Member of Bihar Legislative Assembly
- In office 2005–2010

Member of Bihar Legislative Assembly
- In office 2000–2005

Personal details
- Party: Communist Party of India (Marxist-Leninist) Liberation
- Parent: Parshu Ram Singh (father);

= Arun Singh Kushwaha =

Indian politician

Arun Singh is a member of Bihar Legislative Assembly from Karakat Assembly constituency in Rohtas district. He is a leader of Communist Party of India (Marxist-Leninist) Liberation. Singh has won the Bihar Assembly elections 2020 from Karakat constituency, securing 79,224 votes. He was able to defeat his nearest political rival and the runner-up candidate from this constituency, Rajeshwar Raj of Bhartiya Janata Party with a margin of 16,548 votes.

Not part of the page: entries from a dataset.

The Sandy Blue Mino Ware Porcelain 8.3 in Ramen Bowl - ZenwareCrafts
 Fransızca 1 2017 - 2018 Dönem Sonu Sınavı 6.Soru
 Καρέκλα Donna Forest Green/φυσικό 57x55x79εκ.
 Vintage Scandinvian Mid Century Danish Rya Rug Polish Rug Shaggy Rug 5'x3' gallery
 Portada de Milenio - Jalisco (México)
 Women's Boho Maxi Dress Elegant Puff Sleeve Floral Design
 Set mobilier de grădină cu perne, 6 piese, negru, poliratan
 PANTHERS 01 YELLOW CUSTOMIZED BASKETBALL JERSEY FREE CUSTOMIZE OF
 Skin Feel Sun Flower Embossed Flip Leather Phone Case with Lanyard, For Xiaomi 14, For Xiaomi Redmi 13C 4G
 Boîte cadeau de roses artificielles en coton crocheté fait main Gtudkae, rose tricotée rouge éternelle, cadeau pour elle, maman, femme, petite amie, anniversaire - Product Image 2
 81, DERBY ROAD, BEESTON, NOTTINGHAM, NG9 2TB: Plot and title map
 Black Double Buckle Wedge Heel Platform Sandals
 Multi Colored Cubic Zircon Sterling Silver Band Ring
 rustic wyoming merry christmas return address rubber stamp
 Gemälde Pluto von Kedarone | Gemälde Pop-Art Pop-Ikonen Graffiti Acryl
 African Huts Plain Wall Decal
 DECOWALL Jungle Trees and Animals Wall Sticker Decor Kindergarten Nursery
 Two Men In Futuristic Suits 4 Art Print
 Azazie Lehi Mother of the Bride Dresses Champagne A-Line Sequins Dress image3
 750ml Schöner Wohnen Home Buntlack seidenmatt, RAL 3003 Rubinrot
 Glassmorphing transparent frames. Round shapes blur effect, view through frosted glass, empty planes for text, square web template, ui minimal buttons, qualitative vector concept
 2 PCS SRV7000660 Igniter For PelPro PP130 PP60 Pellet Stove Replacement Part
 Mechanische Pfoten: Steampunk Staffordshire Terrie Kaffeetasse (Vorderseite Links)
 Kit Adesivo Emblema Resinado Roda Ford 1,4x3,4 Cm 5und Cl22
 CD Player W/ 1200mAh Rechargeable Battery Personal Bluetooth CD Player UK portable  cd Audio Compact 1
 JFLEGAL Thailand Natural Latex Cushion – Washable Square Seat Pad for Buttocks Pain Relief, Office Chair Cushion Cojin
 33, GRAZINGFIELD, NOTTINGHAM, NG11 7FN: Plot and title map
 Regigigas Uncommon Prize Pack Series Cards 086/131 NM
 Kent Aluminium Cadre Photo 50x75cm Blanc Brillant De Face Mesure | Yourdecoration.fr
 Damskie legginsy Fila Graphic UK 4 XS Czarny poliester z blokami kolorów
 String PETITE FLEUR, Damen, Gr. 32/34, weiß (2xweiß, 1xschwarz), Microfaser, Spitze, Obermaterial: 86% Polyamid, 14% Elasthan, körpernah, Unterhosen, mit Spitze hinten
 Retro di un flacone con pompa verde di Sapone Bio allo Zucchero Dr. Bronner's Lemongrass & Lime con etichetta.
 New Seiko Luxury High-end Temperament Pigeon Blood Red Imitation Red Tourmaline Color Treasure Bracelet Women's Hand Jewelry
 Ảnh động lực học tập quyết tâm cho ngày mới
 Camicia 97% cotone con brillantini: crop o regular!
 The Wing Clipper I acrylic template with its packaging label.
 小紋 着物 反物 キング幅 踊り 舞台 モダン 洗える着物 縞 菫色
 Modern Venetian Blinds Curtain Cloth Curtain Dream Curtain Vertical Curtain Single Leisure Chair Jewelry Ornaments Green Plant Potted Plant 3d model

Singh is a political activist as well and he has also contested Bihar Assembly elections earlier in 2010, but was defeated by Rajeswar Raj, who was then a member of Janata Dal (United).

==Political career==
Arun Singh, who is a left wing politician, is a three time Member of Legislative Assembly from the Karakat constituency. He first entered the Bihar Legislative Assembly in 2000. In 2005 Assembly elections, he was again victorious and became a legislator for the second time. In 2010 Bihar Assembly elections, he was defeated by Janata Dal (United) candidate Rajeswar Raj. However, Raj lost this seat (assembly constituency) to Sanjay Yadav of Rashtriya Janata Dal in 2015 Bihar Assembly elections.